YOUR TASK: Extract, exactly as written, the line that contains "Prada 55mm two-tone" and all lines after it through the end of the records. Omit pictures.

/---

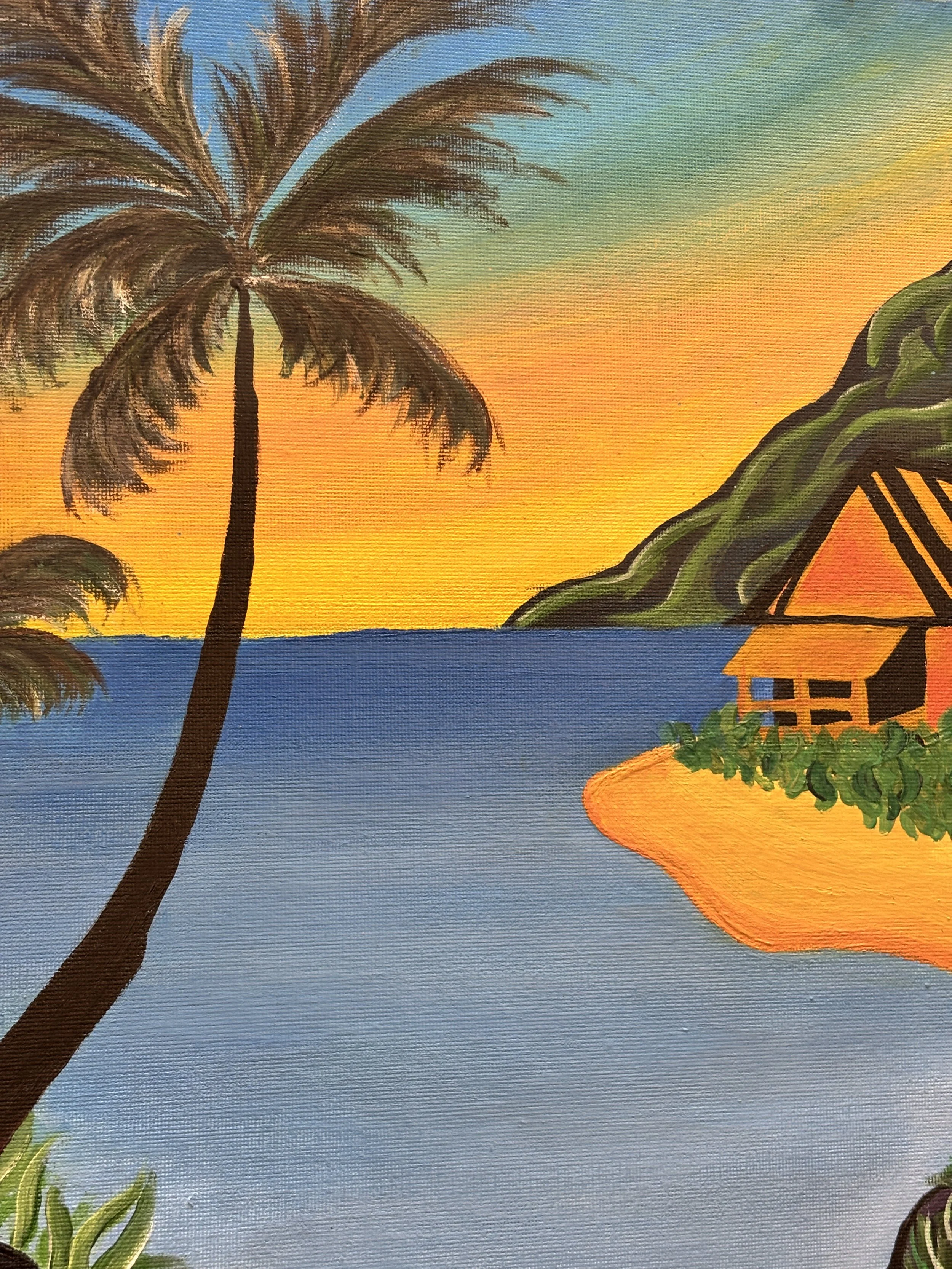 Olivia Ball-Jurd, Golden Paradise, acrylic on canvas, 40cm x 30cm. $250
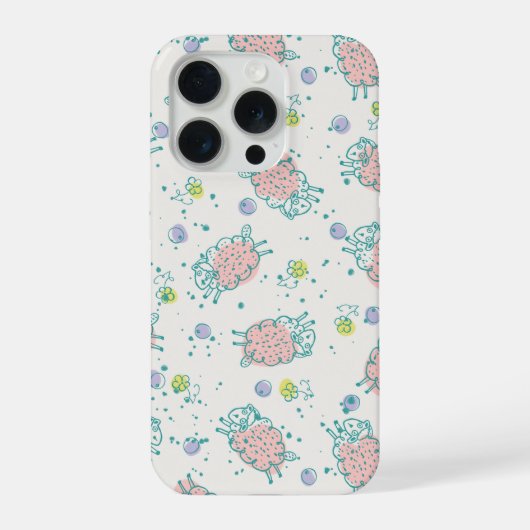 Pink Sheep with Flowers & Berries - Cute Pattern iPhone Hoesje (Achterkant)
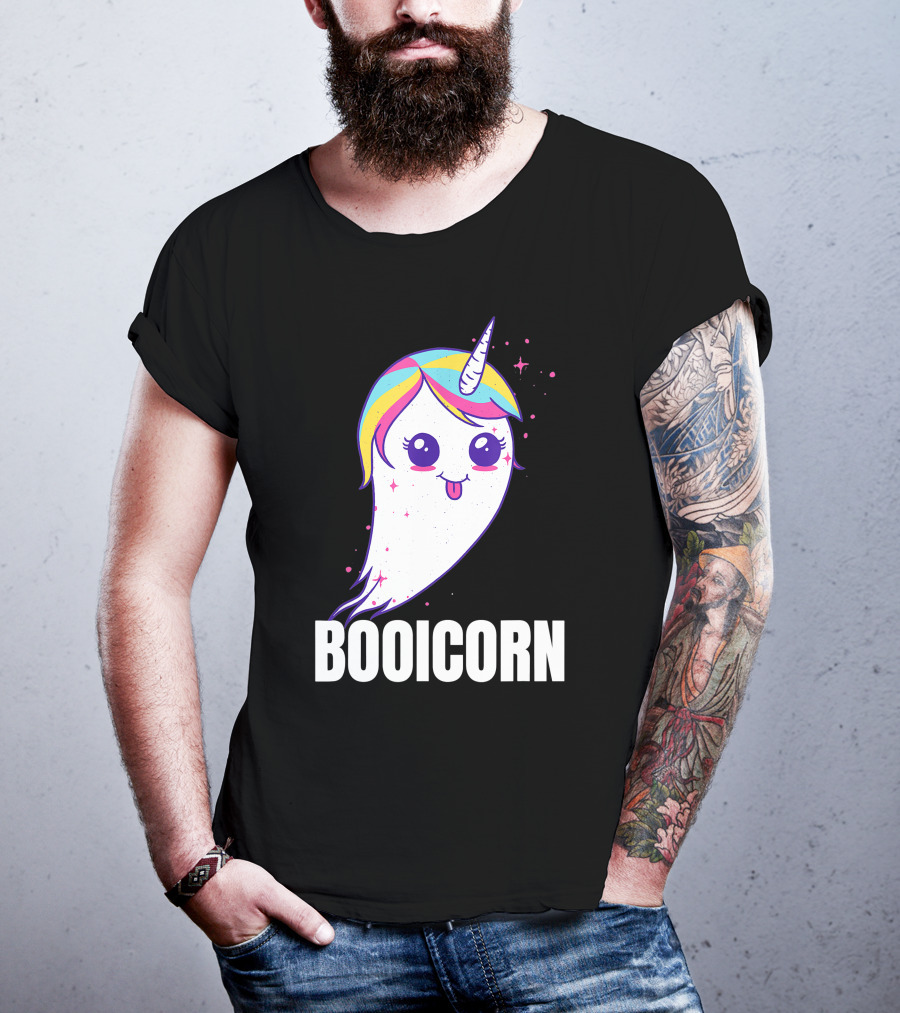 Booicorn Cute Ghost Unicorn Girls Clothes T-Shirt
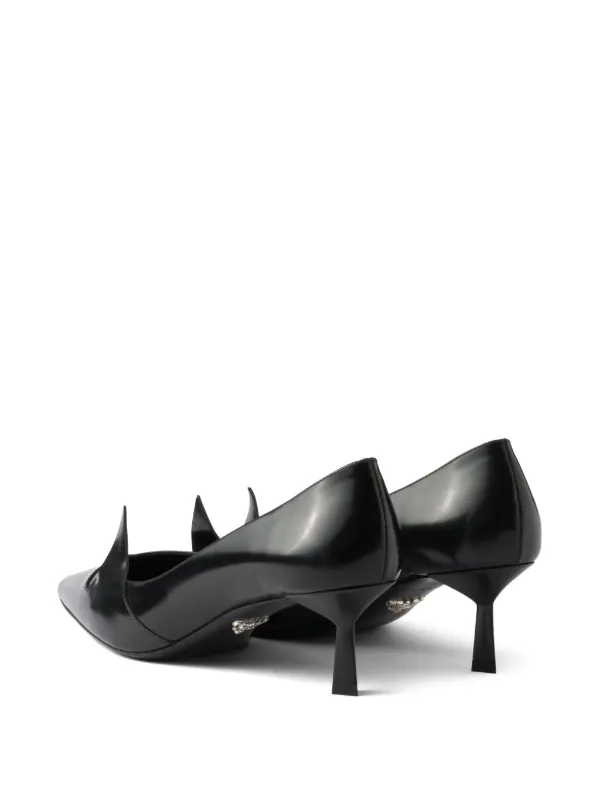 Prada 55mm two-tone brushed-leather Pumps | Black | FARFETCH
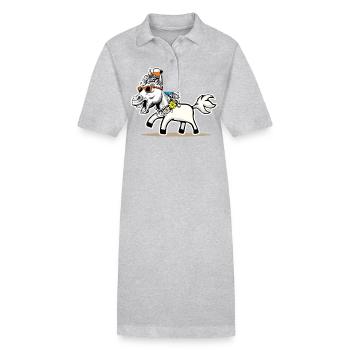 lustig witzig spaßig Pferd Pferde Gaul Kinder Kind - Stanley/Stella Frauen Bio-Polokleid PAIGER - Grau meliert - Vorne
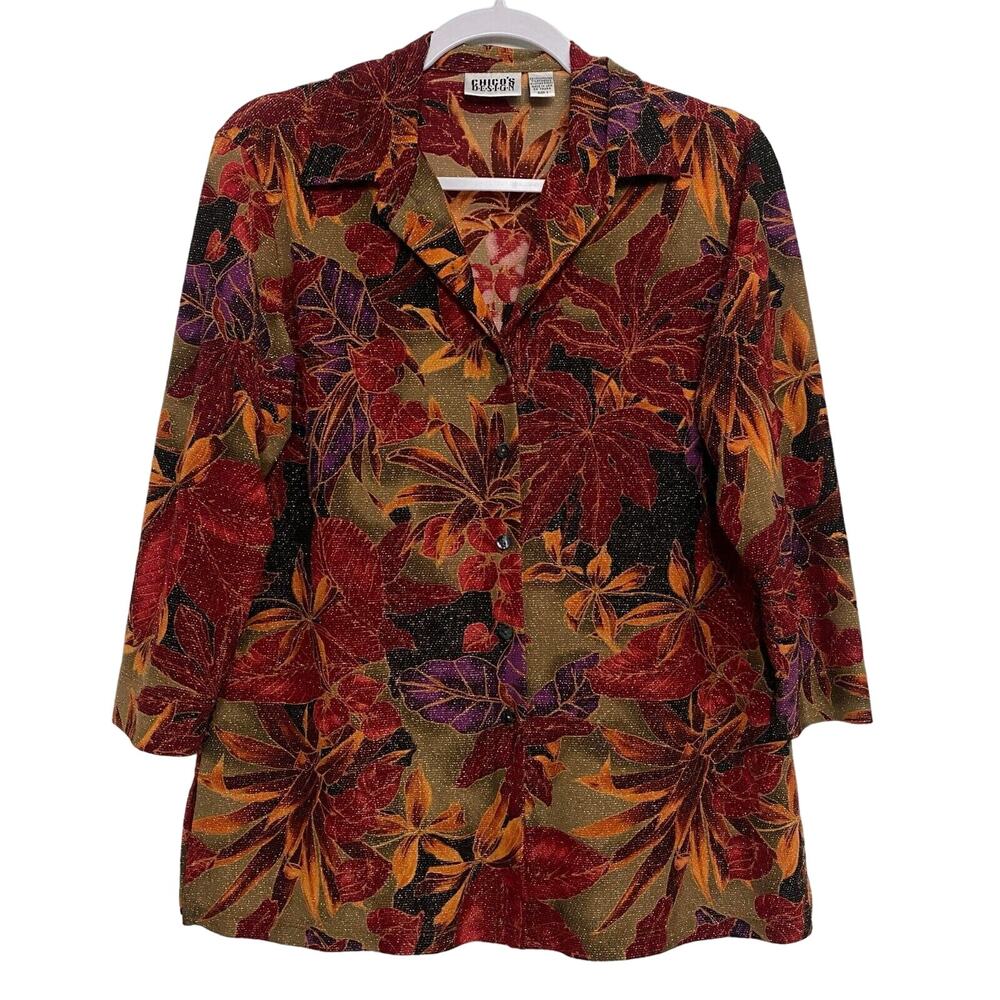 Chico's Design Woman's Sz 1 Orange Red Purple Floral Print Women's Blazer Jacket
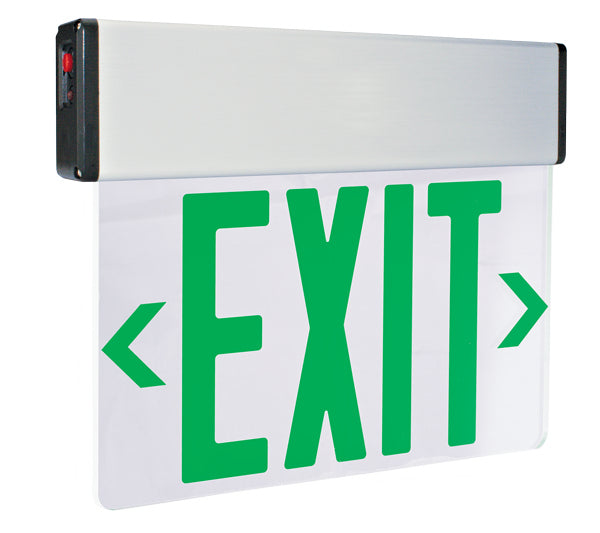 Elco Lighting EDGLIT1R-C  Led Edge Lit Exit Sign With Battery Backup Utility Light Two-Tone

\---

RESULT BELOW:
 Prada 55mm two-tone brushed-leather Pumps | Black | FARFETCH
 lustig witzig spaßig Pferd Pferde Gaul Kinder Kind - Stanley/Stella Frauen Bio-Polokleid PAIGER - Grau meliert - Vorne
 Chico's Design Woman's Sz 1 Orange Red Purple Floral Print Women's Blazer Jacket
 Elco Lighting EDGLIT1R-C  Led Edge Lit Exit Sign With Battery Backup Utility Light Two-Tone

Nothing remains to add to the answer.